Yup, I have the DS411slim running with 3.5" drives right now.
The cage and power supply got here early and I just finished assembling everything. It actually works pretty well if you don't mind the mess of wires hanging out the back. It's definitely not portable, but like I said I was just gonna shove it under the desk and forget about it. The drives are a little noisier with only the thin aluminum wall supporting them, and the fan is a little noisier than I would have liked. I'm gonna see about wrapping the whole thing in some insulation or something to cut down the drive noise, and undervolt the fan to cut down its RPM and noise. Maybe snip the wires to the annoying blue LEDs while I'm at it.
If anyone else is thinking of trying this, I'd recommend you get SATA power+data cable extenders + SATA data cable extenders. The SATA data-only extenders have little notches on the side which you have to cut off, and they don't grip into the SATA ports in the NAS very well. There's a danger they could fall out from a little jostling, forcing a rebuild of your RAID array. The single-piece power+data extenders plug in just like a HDD and grip really well. So I have NAS -> SATA power+data extender -> SATA data extender -> HDD. I hope the combined 38" of data cable length isn't hurting performance. If I had it to do over again, I'd go with shorter cables to keep things a little neater.
The picoPSU worked as expected.
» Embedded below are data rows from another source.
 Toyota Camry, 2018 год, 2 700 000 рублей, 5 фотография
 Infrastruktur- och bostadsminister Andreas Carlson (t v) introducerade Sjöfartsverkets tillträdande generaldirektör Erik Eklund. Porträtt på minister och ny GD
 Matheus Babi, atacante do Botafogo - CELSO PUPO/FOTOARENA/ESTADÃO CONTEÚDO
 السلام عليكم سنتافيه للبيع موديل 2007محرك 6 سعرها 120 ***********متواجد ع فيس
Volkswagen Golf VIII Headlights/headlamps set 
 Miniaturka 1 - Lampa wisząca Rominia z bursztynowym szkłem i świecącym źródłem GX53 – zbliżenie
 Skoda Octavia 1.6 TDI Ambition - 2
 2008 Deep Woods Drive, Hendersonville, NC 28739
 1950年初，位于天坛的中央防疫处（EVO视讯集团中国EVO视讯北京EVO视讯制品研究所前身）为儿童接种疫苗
I'm not sure if 60W is enough to simultaneously power up four 3.5" drives. They're supposed to need 20-30 W each on spin-up. But I noticed that the NAS powers up the drives one after the other, so theoretically all four drives should not be drawing peak power simultaneously. 3.5" HDDs typically only draw about 10 W max once spun up, so 60W should be plenty during normal use.
I did have to short pins 14 and 15 on the picoPSU with a paper clip to get it to power up (normally these pins connect to the power switch on your computer). On a normal power supply, the wires to these pins are colored green (signal) and black (ground). The picoPSU doesn't have cables so I kinda had to guess. Fortunately, the symmetric pins (16 and 17) are both ground so there was no harm in guessing wrong.
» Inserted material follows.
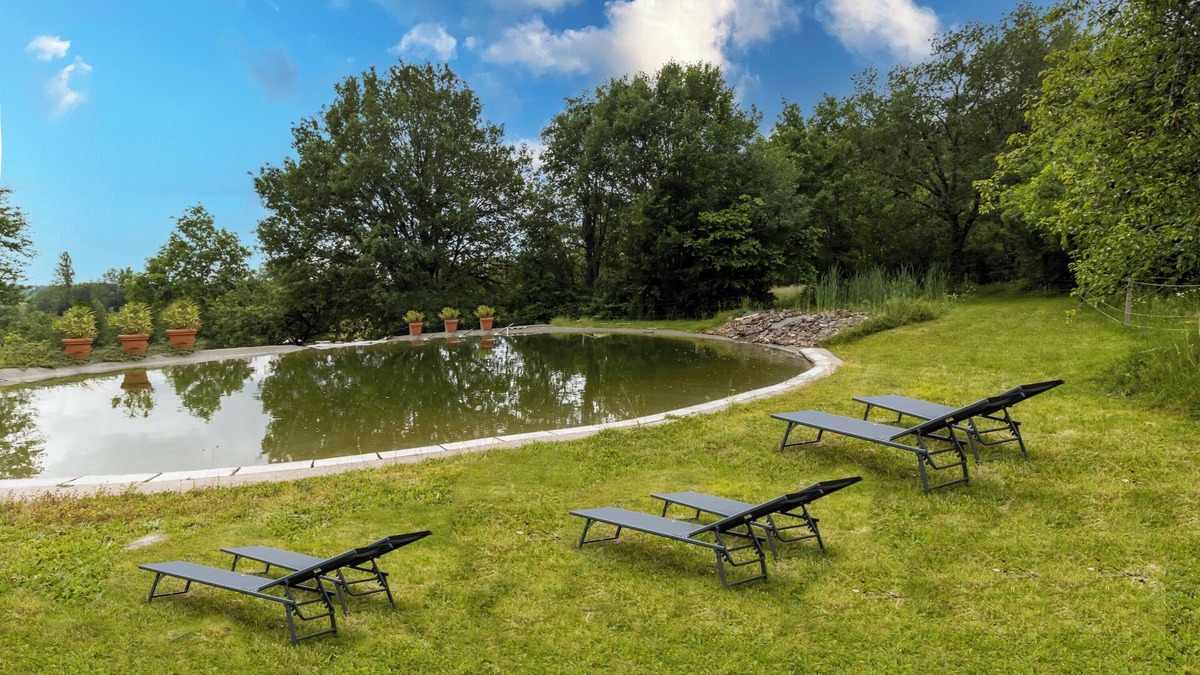 Auriac-du-Perigord Bed & Breakfast | Bed and Breakfast 'Chambre Coquelicot' with Shared Terrace and Shared Garden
Enough of the construction details. Here's what you've been waiting for - performance:
Right now my DS411slim is hooked up to two Seagate 1.5 TB 7200 RPM ST31500341AS 3.5" drives. Yes, the notorious click of death drives which ruined Seagate's reputation. I made sure to flash them with the firmware fix before using them, and they've served me fine for 2 years. I allocated 100 GB of the NAS to iSCSI and mapped that as a local drive, then ran CrystalDiskMark on it. About 1.2 TB of the 1.36 TB is full, so it's possible this is only reflecting performance on a section of the disks, rather than an average. Jumbo frames are
off.
The 4k reads could be a little better, but otherwise this is pretty much indistinguishable from any of my older HDDs mounted locally. I'm happy with it. Significantly better than the sequential 40 MB/s reads and 20-30 MB/s writes I was reading from the DS411j reviews. The drives are reporting 33C and 34C temps, so no problems on that end.
I'm gonna clear the data off the 2.5" 1.5 TB drive, add it to the SHR array, then see if performance changes. Then decide if I should stick with 3.5" drives or can live with 2.5" drives. Long-term, when 10 Gbps ethernet is common and 60 MB/s is considered slow, I'd like to transition this to entirely 2.5" drives for portability and maybe use it as a media server. But for now, this is fine.